Etre  l'Autre  dans un pays qui n' est pas le sien implique de se soumettre à toute une série de représentations que le habitants du pays concerné véhiculent en se référant à vous. L'idée est en somme de ne surtout pas être soi-même mais de devenir ce que l' on attend que vous soyez.
Cela paraît compliqué, non?
Ifemelu passe treize ans aux Etats Unis. Elle finit par créer un blog, " Observations diverses sur les Noirs Américains (ceux qu' on appelait jadis les nègres) par une Noire non américaine "
Elle observe, analyse, dissèque, conseille.
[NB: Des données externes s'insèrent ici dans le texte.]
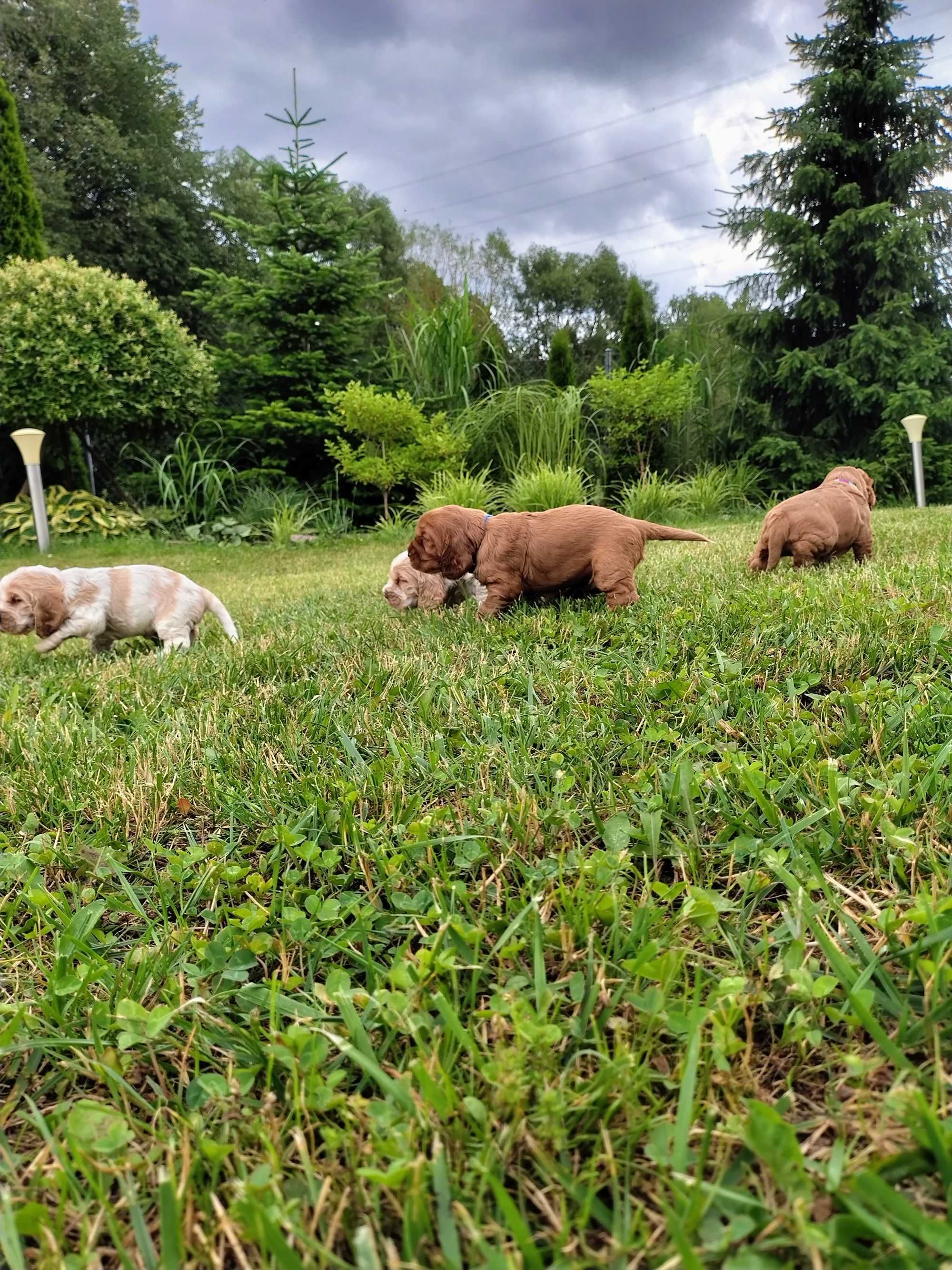 Cocker Spaniel Angielski Roan Orange piesek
Elle est invitée à des conférences, des tables rondes.
Sort avec Curt, un Blanc, avec Blaine, un universitaire noir. Obinze, l'amour de jeunesse, tapi quelque part au fond d' elle, a été vaicu par l'expérience américaine. Elle suit l'élection d' Obama.
Mais il manque toujours quelque chose. Ifemelu n' arrive pas, ne peut pas être heureuse.
Et c' est à ce moment que nous la rencontrons: le roman s'ouvre sur Ifemelu qui va dans un salon de coiffure pour faire tresser ses cheveux. Elle a pris depuis peu la décision de rentrer au Nigéria, sans trop savoir pourquoi. Elle sent qu'il est temps de rentrer. D'abandonner sa vie américaine, son compagnon américain, son blog, tout.
Le salon de coiffure représente le temps présent du roman: pendant qu'elle écoute d' une oreille distraite les bavardages des coiffeuses ( tout un monde, là aussi! ) elle se souvient le passé, son arrivée aux Etats Unis, les années qui ont suivi, mais il y a de la place pour un passé imparfait aussi, la vie au Nigéria, avant son départ, vie qui ne demande qu'à reprendre.  C'est dans ce salon de coiffure qu' elle se projette timidement dans l'avenir: "Puis, renonçant à toute prudence, elle rédigea un e-mail pour Obinze et l'envoya aussi sec, sans prendre le temps de le relire." 
Comme je vous le disais au début, la construction du roman est complexe mais réalisée avec une maîtrise absolue, la lecture est fluide et très agréable. La narration est parsemée par les billets qu' elle publie sur son blog, acides, vivants, on en entedrait la voix de l'Ifemelu!
Il y aurait encore beaucoup à dire mais je vais juste rajouter une chose: ne passez pas à côté de ce roman, ce serait vraiment, vraiment dommage!